- **TASK TO CARRY OUT**
From the line with "Vaccines 11 00103 g004 Vaccines" to the final line of the data below, please write out every line exactly, with no pictures.

════════

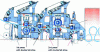 Figure 7 - Modern press section for high-speed machines (after Metso)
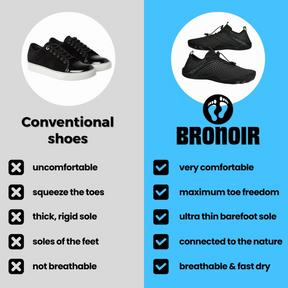 Bronoir™ Skin Pro con Rame - Scarpe Barefoot Allround di Messa a Terra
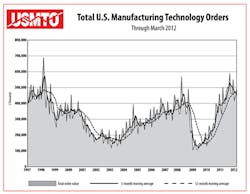 Fc 0612 Usmto Fc 0612 Usmto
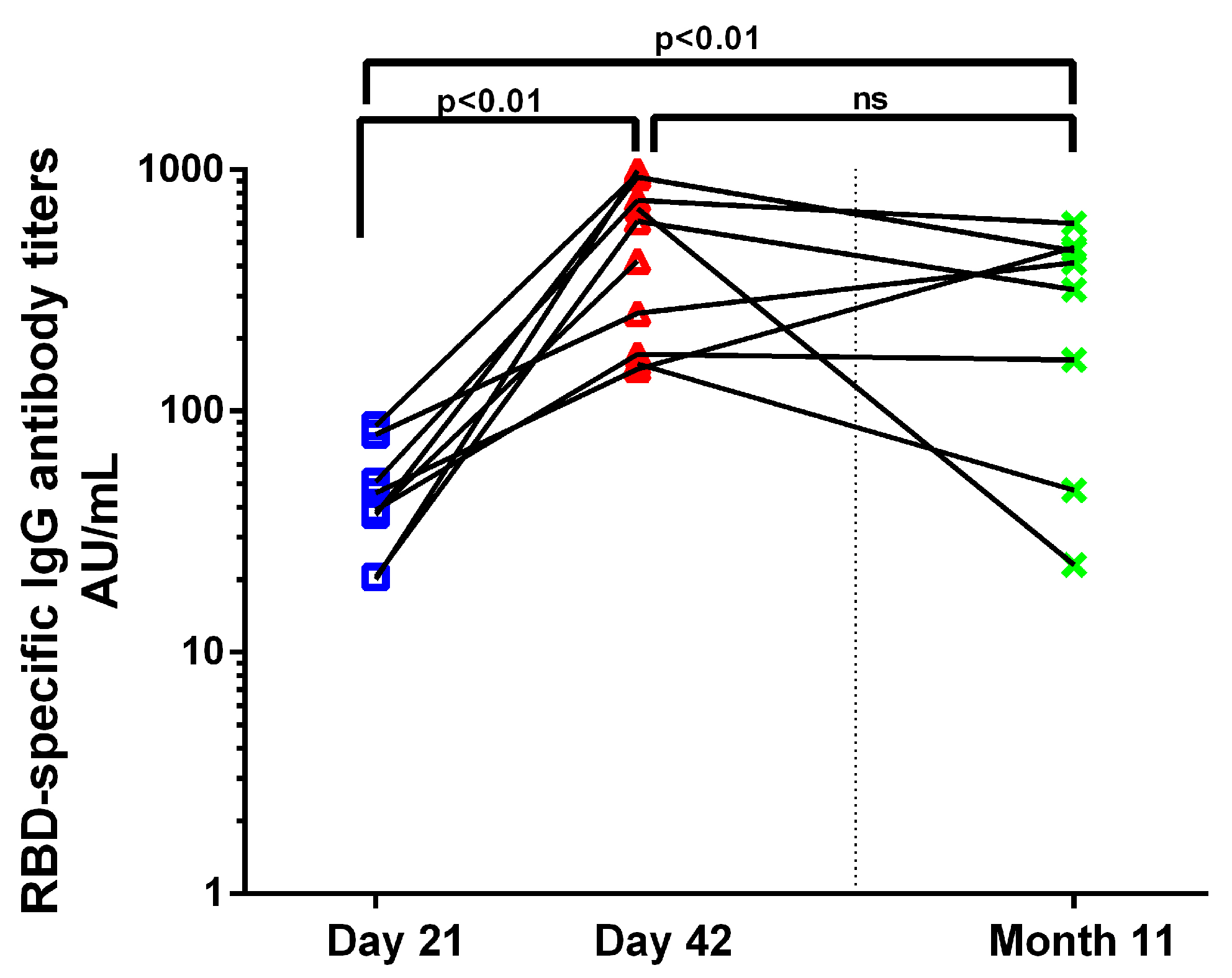 Vaccines 11 00103 g004 Vaccines 11 00103 g004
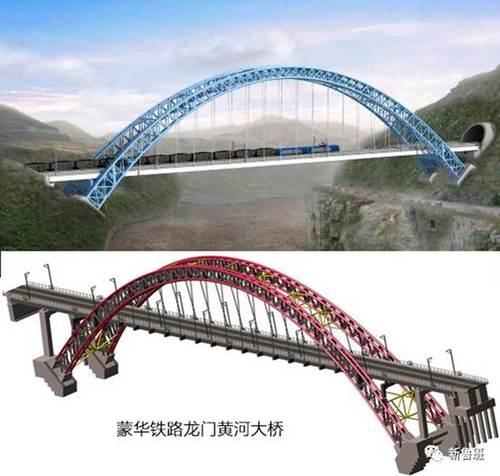 交通部：关于征求《关于推进公路水运工程应用BIM技术的指导意见》的函 BIM视界 第4张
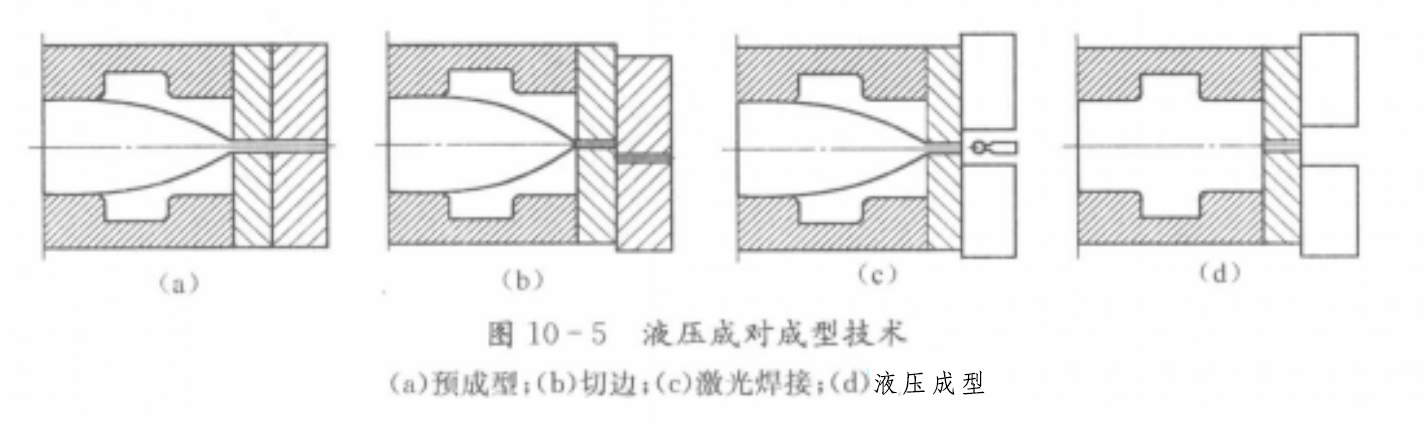 液压成对成型技术 液压成对成型技术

════════

- **ANSWER BELOW**
 Vaccines 11 00103 g004 Vaccines 11 00103 g004
 交通部：关于征求《关于推进公路水运工程应用BIM技术的指导意见》的函 BIM视界 第4张
 液压成对成型技术 液压成对成型技术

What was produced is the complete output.